With this state of affairs, Mr. Cohn proposes we have more government-run health care. His model is the French health care system, the archetype for big-government healthcare. But on this point he loses some credibility, not only because his arguments for a “solution” are the least developed part of his story, but also because he fails to recognize big government when he sees it. He criticizes President Bush for “ignoring” health policy and failing to invest in social programs that would cover more uninsured, but ignores the single largest expansion in government-sponsored health care in recent time, the Medicare drug benefit, a giant spending program that remains the bane of many conservatives.
Mr. Cohn is a keen observer who has done meticulous research for his book, but one cannot help but lament that more and more, health policy decisions are decided by an increasingly incestuous group of economists and political polemicists with no real connection to the practice of medicine. One result has been an endless stream of rating systems out of Washington that measure healthcare quality more by the input than the outcome, all pumped out by motivated third parties, such as Families USA and Kaiser, and published in increasingly politicized journals like the Journal of the American Medical Association and the New England Journal of Medicine. These serve as the blueprints of the government programs that are increasingly advocated by Mr. Cohn and many others. It does not take a village to rewrite a nation’s health policy, but surely it should involve a few physicians.
One alternative to having more government agencies regulating health care delivery would, of course, be more empowerment to individuals to buy affordable insurance and make their own decisions. What is the popular idea proposed by the right? To level the playing field between the big purchasers and individuals who make up the bulk of the uninsured, while giving those with limited means money to enter the private market on their own, a concept called premium support.

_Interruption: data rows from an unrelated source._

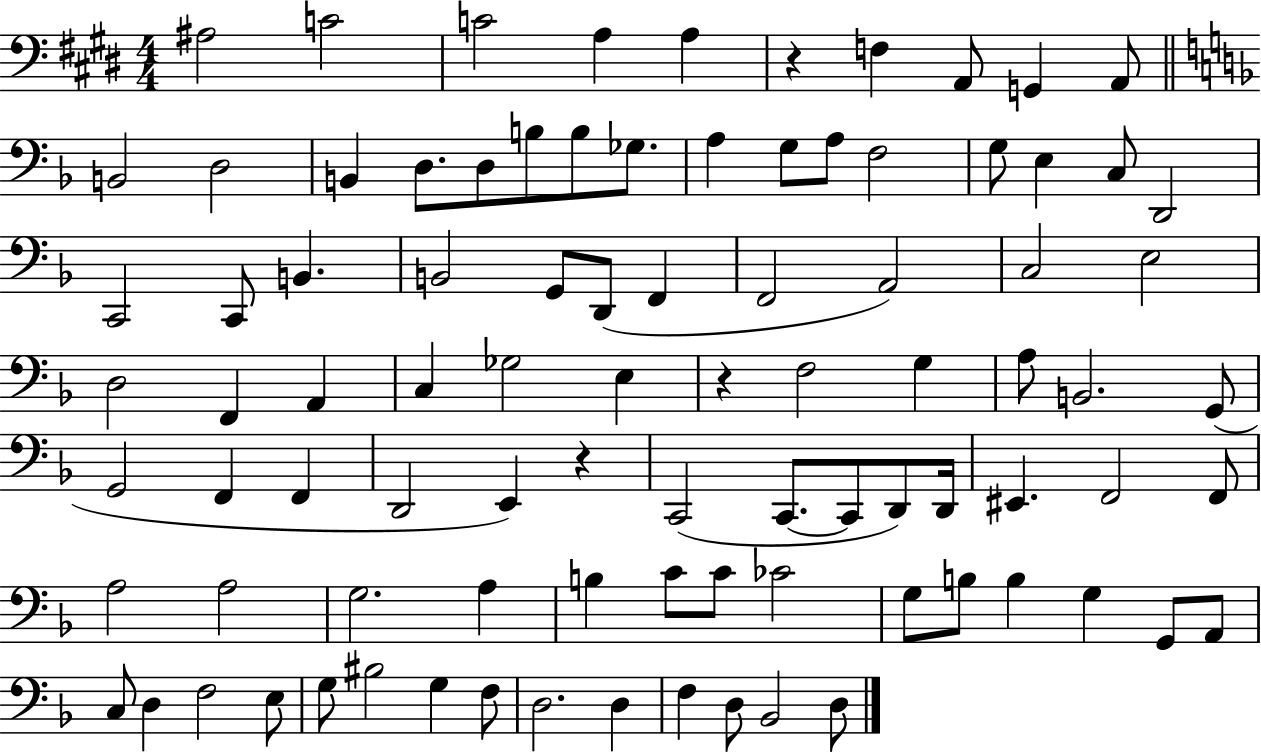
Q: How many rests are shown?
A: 3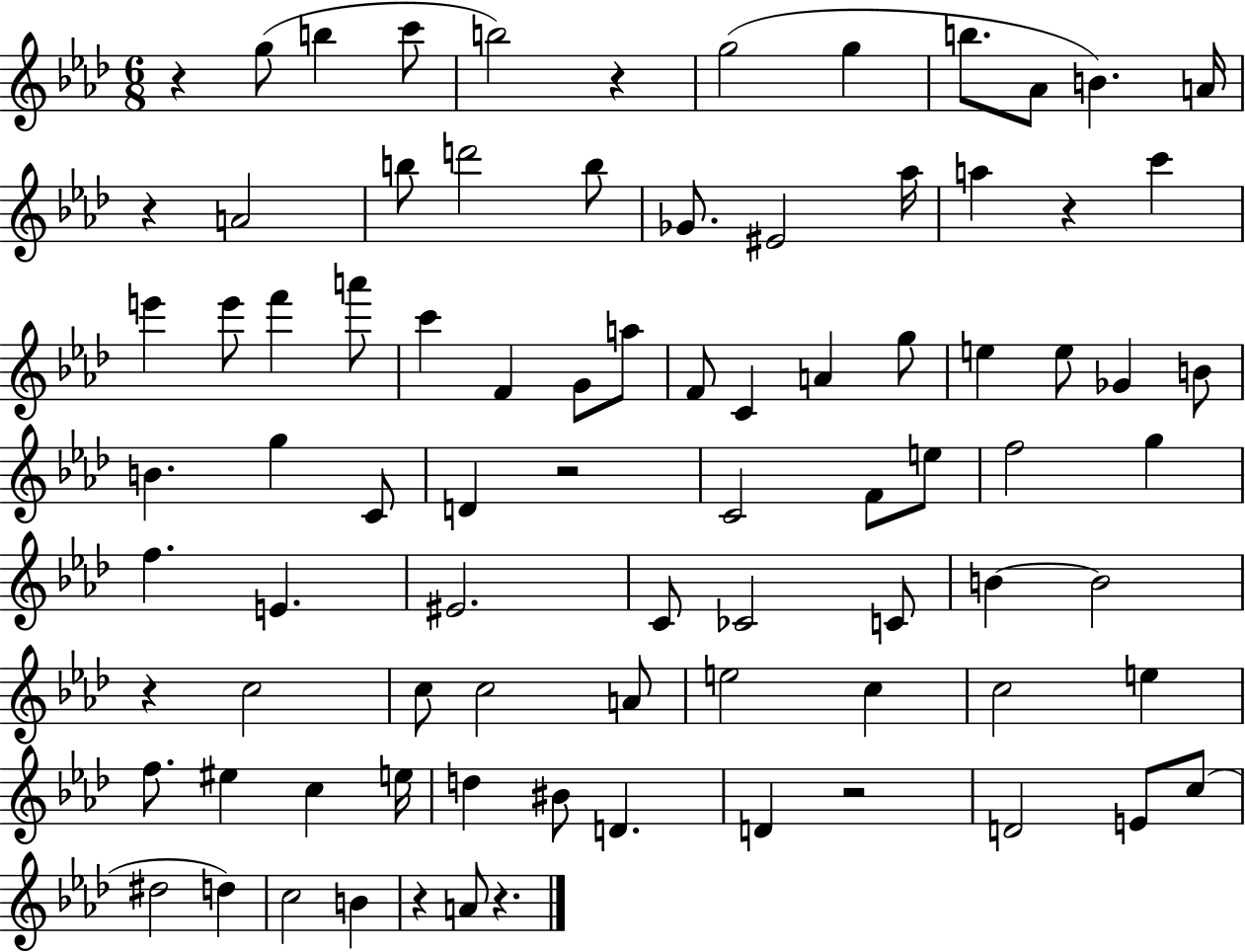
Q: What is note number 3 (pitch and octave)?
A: C6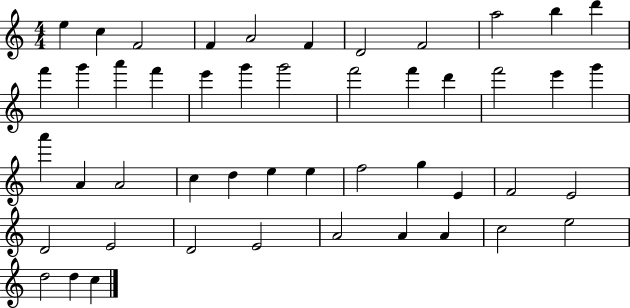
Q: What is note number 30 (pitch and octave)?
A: E5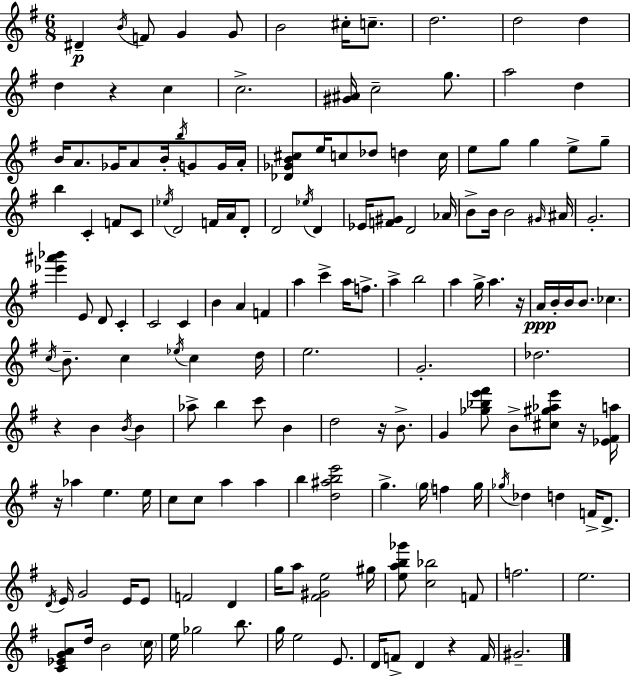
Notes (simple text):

D#4/q B4/s F4/e G4/q G4/e B4/h C#5/s C5/e. D5/h. D5/h D5/q D5/q R/q C5/q C5/h. [G#4,A#4]/s C5/h G5/e. A5/h D5/q B4/s A4/e. Gb4/s A4/e B4/s B5/s G4/e G4/s A4/s [Db4,Gb4,B4,C#5]/e E5/s C5/e Db5/e D5/q C5/s E5/e G5/e G5/q E5/e G5/e B5/q C4/q F4/e C4/e Eb5/s D4/h F4/s A4/s D4/e D4/h Eb5/s D4/q Eb4/s [F4,G#4]/e D4/h Ab4/s B4/e B4/s B4/h G#4/s A#4/s G4/h. [Eb6,A#6,Bb6]/q E4/e D4/e C4/q C4/h C4/q B4/q A4/q F4/q A5/q C6/q A5/s F5/e. A5/q B5/h A5/q G5/s A5/q. R/s A4/s B4/s B4/s B4/e. CES5/q. C5/s B4/e. C5/q Eb5/s C5/q D5/s E5/h. G4/h. Db5/h. R/q B4/q B4/s B4/q Ab5/e B5/q C6/e B4/q D5/h R/s B4/e. G4/q [Gb5,Bb5,E6,F#6]/e B4/e [C#5,G#5,Ab5,E6]/e R/s [Eb4,F#4,A5]/s R/s Ab5/q E5/q. E5/s C5/e C5/e A5/q A5/q B5/q [D5,A#5,B5,E6]/h G5/q. G5/s F5/q G5/s Gb5/s Db5/q D5/q F4/s D4/e. D4/s E4/s G4/h E4/s E4/e F4/h D4/q G5/s A5/e [F#4,G#4,E5]/h G#5/s [E5,A5,B5,Gb6]/e [C5,Bb5]/h F4/e F5/h. E5/h. [C4,Eb4,G4,A4]/e D5/s B4/h C5/s E5/s Gb5/h B5/e. G5/s E5/h E4/e. D4/s F4/e D4/q R/q F4/s G#4/h.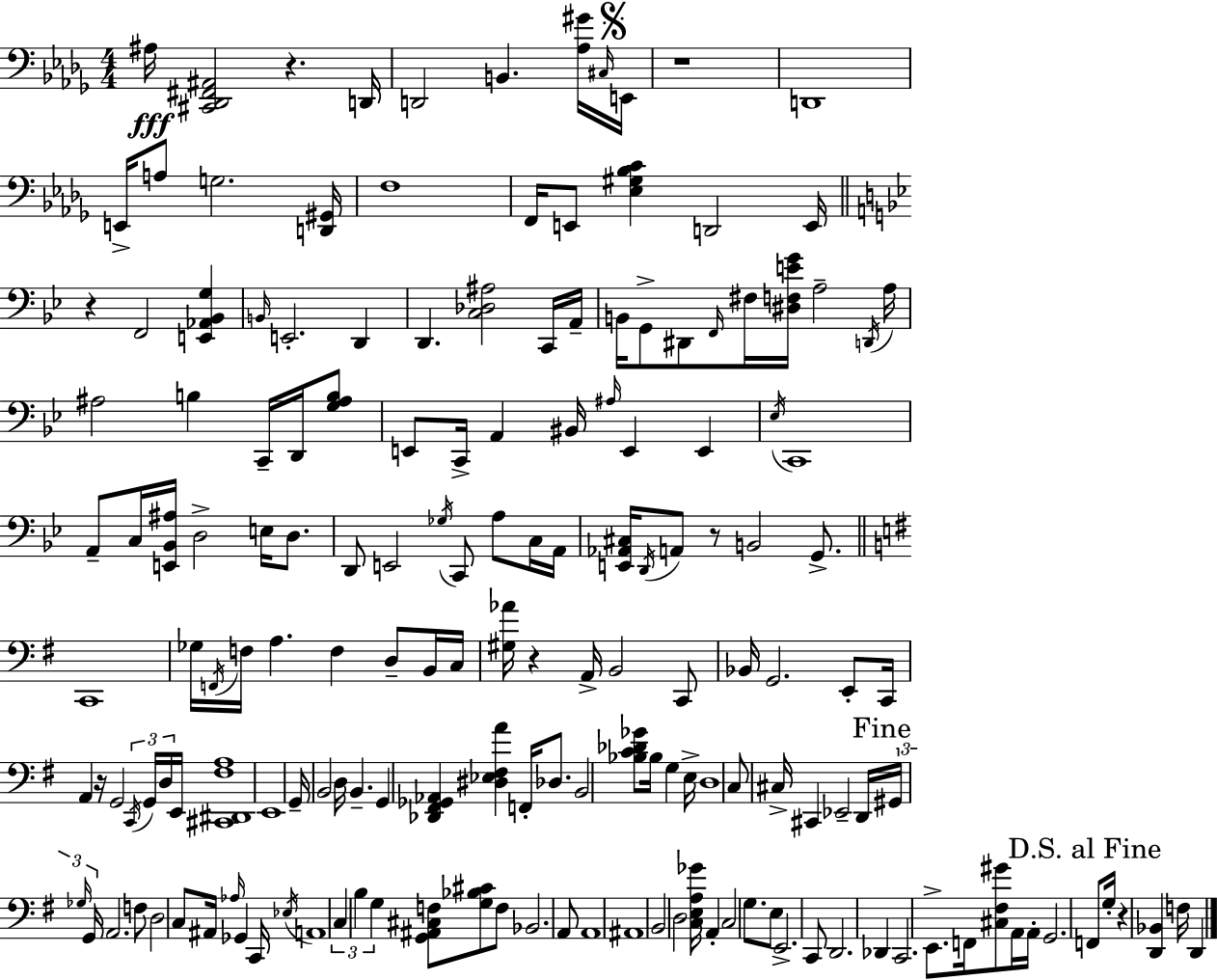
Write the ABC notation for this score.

X:1
T:Untitled
M:4/4
L:1/4
K:Bbm
^A,/4 [^C,,_D,,^F,,^A,,]2 z D,,/4 D,,2 B,, [_A,^G]/4 ^C,/4 E,,/4 z4 D,,4 E,,/4 A,/2 G,2 [D,,^G,,]/4 F,4 F,,/4 E,,/2 [_E,^G,_B,C] D,,2 E,,/4 z F,,2 [E,,_A,,_B,,G,] B,,/4 E,,2 D,, D,, [C,_D,^A,]2 C,,/4 A,,/4 B,,/4 G,,/2 ^D,,/2 F,,/4 ^F,/4 [^D,F,EG]/4 A,2 D,,/4 A,/4 ^A,2 B, C,,/4 D,,/4 [G,^A,B,]/2 E,,/2 C,,/4 A,, ^B,,/4 ^A,/4 E,, E,, _E,/4 C,,4 A,,/2 C,/4 [E,,_B,,^A,]/4 D,2 E,/4 D,/2 D,,/2 E,,2 _G,/4 C,,/2 A,/2 C,/4 A,,/4 [E,,_A,,^C,]/4 D,,/4 A,,/2 z/2 B,,2 G,,/2 C,,4 _G,/4 F,,/4 F,/4 A, F, D,/2 B,,/4 C,/4 [^G,_A]/4 z A,,/4 B,,2 C,,/2 _B,,/4 G,,2 E,,/2 C,,/4 A,, z/4 G,,2 C,,/4 G,,/4 D,/4 E,,/4 [^C,,^D,,^F,A,]4 E,,4 G,,/4 B,,2 D,/4 B,, G,, [_D,,^F,,_G,,_A,,] [^D,_E,^F,A] F,,/4 _D,/2 B,,2 [_B,C_D_G]/2 _B,/4 G, E,/4 D,4 C,/2 ^C,/4 ^C,, _E,,2 D,,/4 ^G,,/4 _G,/4 G,,/4 A,,2 F,/2 D,2 C,/2 ^A,,/4 _A,/4 _G,, C,,/4 _E,/4 A,,4 C, B, G, [G,,^A,,^C,F,]/2 [G,_B,^C]/2 F,/2 _B,,2 A,,/2 A,,4 ^A,,4 B,,2 D,2 [C,E,A,_G]/4 A,, C,2 G,/2 E,/2 E,,2 C,,/2 D,,2 _D,, C,,2 E,,/2 F,,/4 [^C,^F,^G]/2 A,,/4 A,,/4 G,,2 F,,/2 G,/4 z [D,,_B,,] F,/4 D,,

Toward these ends, the current proposal of Health Savings Accounts may be another Trojan horse tucked inside the new Medicare law, poised to redesign the health market in unexpected ways, akin to how simple provisions enacted as an accommodation to a world war set in motion cataclysmic change more than 50 years later. Who in 1940 thought that an inducement to entice tight labor into factories would give rise to an entire health care industry? HSAs may set in motion similar change. In health care policy, like political scandal, it is the seemingly innocuous experimentation that seems to have the most lasting consequences.
Dr. Gottlieb, a physician and resident fellow at the American Enterprise Institute, recently served in senior roles at the Food and Drug Administration and the Centers for Medicare and Medicaid Services.